Second, what isn’t about the past seems hastily pulled together:
We have to live within our means and continue to set clear and responsible priorities. It is about a balanced plan, a sustainable approach.
What does “it” refer to there? There is no antecedent, something definite that the “it” substitutes for. The awkwardness of the speech at this point screams of an incomplete thought, or of sentences that used to be in there to tie the two thoughts together.
Third, there is the sense of the deeply surreal that runs all the way through the text.
The provincial government is currently in a financial mess caused by over-spending. The Conservatives have known – have publicly admitted – that their spending has been unsustainable since at least 2009. Yet the speech blames the current financial problem on the government’s over-dependence on oil revenues and on the fact that spending is too high.
When it comes to possible solutions, though, things get murky. There are supposedly only two choices to solve this problem: raise taxes or borrow money. Neither is viable, supposedly. The third option – cutting costs - is left completely unaddressed. When the speechwriter tries to talk about what the government will do, things get vague:
With our economy now stronger than ever and private-sector employment at record levels, this is the prudent time to take on the challenge of focusing on critical priorities, streamlining our public sector accordingly and zeroing in on the initiatives that place our province’s economy on a solid, sustainable footing for the decades to come.
That is one, big, sentence. That is one long sentence from someone who wanted to cover the absence of a central thought with more and more words.

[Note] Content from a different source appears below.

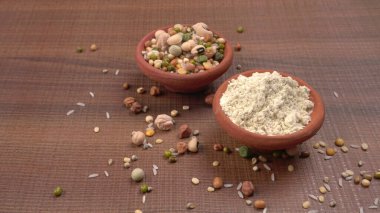 Bir kase protein ve kase dolusu fasulye ve tahıl. Sağlıklı bir yaşam tarzı için vazgeçilmez protein kaynakları. Hint evlerinde her gün kullanılıyor..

Then on the end of that sentence pretending to be a paragraph, someone stuck on two short sentences that actually belong to the next section: “Let no one pretend we have arrived. Let no one pretend the need for fiscal prudence has passed.”
The comes a little bit about paths:
Truly, Newfoundland and Labrador is at a crossroads. Two paths loom before us: the path we are on, and the path that inevitably leads back to where we were a decade ago.
Rather than continue on the metaphor of paths, the speech segues to attack an idea coming from the public sector unions that actually comes off the misplaced bit about fiscal prudence. The speech is apparently not about what the government intends to do but about what the other guys are saying. The other guys now have proof that the government crowd are so worried about what they are saying that the government crowd gifted them with a spot in the speech that is supposed to outline the government’s approach.
And then the speech goes back on the road.
This is a speech that talks about picking a path but seems to have problems figuring out which way to go. After a litany of falsehood about the past, and after a visit to tautology – “Spending within our means is fiscally sustainable” - the speech concludes with talk of honesty in a speech that is ultimately dishonest. If the people who wrote the speech were indeed honest, then they would know that the path they have been on is the one brought us to the financial crisis.
The path we have been on is not the path forward, if we want to deliver our children a bright future. As the throne speech makes clear, though, this is the path we will stay on for a while longer. The new approach remains what it has always been: the same old approach.